WHAT TO DO. Of the lines below, write out exactly those from the line with "Why not drive" through the line with "So this is Skellingthorpe", both included, and skip the rest.

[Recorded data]
______________________________

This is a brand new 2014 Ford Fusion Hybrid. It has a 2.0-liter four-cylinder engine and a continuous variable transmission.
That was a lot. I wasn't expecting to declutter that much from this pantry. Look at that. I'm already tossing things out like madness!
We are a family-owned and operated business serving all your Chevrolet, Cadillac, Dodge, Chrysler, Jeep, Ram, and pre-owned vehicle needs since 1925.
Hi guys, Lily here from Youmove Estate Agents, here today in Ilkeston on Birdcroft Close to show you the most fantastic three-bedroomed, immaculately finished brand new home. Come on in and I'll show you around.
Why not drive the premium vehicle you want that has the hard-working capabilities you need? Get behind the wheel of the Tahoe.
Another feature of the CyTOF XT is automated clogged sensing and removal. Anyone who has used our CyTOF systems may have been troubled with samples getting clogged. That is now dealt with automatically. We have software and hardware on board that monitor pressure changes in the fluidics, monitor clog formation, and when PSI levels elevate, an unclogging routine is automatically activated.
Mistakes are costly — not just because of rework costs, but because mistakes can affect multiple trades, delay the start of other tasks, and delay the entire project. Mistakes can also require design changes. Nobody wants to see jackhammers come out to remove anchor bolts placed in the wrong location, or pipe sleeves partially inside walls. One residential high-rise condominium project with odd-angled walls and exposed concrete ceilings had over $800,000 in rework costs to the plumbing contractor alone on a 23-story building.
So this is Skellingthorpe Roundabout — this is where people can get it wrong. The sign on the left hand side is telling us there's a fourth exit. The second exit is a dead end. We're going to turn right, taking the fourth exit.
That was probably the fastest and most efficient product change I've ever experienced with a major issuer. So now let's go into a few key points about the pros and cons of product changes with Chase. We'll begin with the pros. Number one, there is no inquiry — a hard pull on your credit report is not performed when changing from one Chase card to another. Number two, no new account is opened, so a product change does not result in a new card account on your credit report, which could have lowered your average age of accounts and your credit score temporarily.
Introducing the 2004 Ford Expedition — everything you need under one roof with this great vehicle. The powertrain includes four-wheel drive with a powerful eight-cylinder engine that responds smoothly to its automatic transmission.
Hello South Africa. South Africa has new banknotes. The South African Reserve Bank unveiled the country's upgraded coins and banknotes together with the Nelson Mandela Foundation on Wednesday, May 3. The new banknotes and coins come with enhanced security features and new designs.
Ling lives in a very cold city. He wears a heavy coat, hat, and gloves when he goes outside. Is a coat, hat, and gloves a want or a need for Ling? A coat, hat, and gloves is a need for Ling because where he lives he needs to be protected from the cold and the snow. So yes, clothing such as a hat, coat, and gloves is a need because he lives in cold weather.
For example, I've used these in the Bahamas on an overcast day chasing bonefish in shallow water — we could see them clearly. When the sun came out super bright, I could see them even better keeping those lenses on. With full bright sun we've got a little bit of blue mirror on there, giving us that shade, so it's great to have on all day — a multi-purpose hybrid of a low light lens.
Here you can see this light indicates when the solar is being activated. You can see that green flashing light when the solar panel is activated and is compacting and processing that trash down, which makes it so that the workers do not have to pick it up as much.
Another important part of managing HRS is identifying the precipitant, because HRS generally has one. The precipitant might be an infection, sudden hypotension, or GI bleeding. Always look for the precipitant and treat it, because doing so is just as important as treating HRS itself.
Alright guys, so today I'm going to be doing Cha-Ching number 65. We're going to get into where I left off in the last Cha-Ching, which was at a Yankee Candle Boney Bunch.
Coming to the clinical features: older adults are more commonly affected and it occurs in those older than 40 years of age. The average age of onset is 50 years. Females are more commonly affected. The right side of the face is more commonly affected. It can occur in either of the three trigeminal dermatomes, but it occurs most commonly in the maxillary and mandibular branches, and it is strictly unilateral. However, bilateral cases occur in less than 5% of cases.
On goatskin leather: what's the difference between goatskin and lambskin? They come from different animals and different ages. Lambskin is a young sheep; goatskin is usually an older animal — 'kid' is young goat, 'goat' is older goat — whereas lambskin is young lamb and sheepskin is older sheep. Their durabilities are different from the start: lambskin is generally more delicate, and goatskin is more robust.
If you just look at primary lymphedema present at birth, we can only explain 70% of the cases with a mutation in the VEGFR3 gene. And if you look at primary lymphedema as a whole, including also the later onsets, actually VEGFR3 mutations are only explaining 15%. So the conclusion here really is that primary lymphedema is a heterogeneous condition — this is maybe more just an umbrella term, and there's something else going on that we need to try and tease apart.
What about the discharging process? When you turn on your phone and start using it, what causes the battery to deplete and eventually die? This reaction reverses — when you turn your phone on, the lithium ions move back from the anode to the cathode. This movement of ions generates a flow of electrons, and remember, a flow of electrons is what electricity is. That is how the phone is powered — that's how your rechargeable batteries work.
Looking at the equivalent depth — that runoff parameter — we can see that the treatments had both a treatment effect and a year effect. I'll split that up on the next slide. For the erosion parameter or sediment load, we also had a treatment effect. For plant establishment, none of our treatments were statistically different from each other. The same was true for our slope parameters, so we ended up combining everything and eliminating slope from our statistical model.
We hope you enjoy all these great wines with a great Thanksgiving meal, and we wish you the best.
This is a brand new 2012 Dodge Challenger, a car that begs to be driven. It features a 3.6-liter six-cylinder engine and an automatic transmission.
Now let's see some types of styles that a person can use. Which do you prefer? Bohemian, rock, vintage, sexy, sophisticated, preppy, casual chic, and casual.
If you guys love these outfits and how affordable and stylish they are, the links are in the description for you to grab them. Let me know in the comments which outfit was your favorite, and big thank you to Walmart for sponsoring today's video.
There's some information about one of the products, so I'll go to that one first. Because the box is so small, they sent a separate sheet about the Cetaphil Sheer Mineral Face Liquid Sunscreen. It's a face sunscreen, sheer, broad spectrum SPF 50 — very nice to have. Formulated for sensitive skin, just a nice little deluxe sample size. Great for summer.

______________________________

FINISHED EXERCISE.
Why not drive the premium vehicle you want that has the hard-working capabilities you need? Get behind the wheel of the Tahoe.
Another feature of the CyTOF XT is automated clogged sensing and removal. Anyone who has used our CyTOF systems may have been troubled with samples getting clogged. That is now dealt with automatically. We have software and hardware on board that monitor pressure changes in the fluidics, monitor clog formation, and when PSI levels elevate, an unclogging routine is automatically activated.
Mistakes are costly — not just because of rework costs, but because mistakes can affect multiple trades, delay the start of other tasks, and delay the entire project. Mistakes can also require design changes. Nobody wants to see jackhammers come out to remove anchor bolts placed in the wrong location, or pipe sleeves partially inside walls. One residential high-rise condominium project with odd-angled walls and exposed concrete ceilings had over $800,000 in rework costs to the plumbing contractor alone on a 23-story building.
So this is Skellingthorpe Roundabout — this is where people can get it wrong. The sign on the left hand side is telling us there's a fourth exit. The second exit is a dead end. We're going to turn right, taking the fourth exit.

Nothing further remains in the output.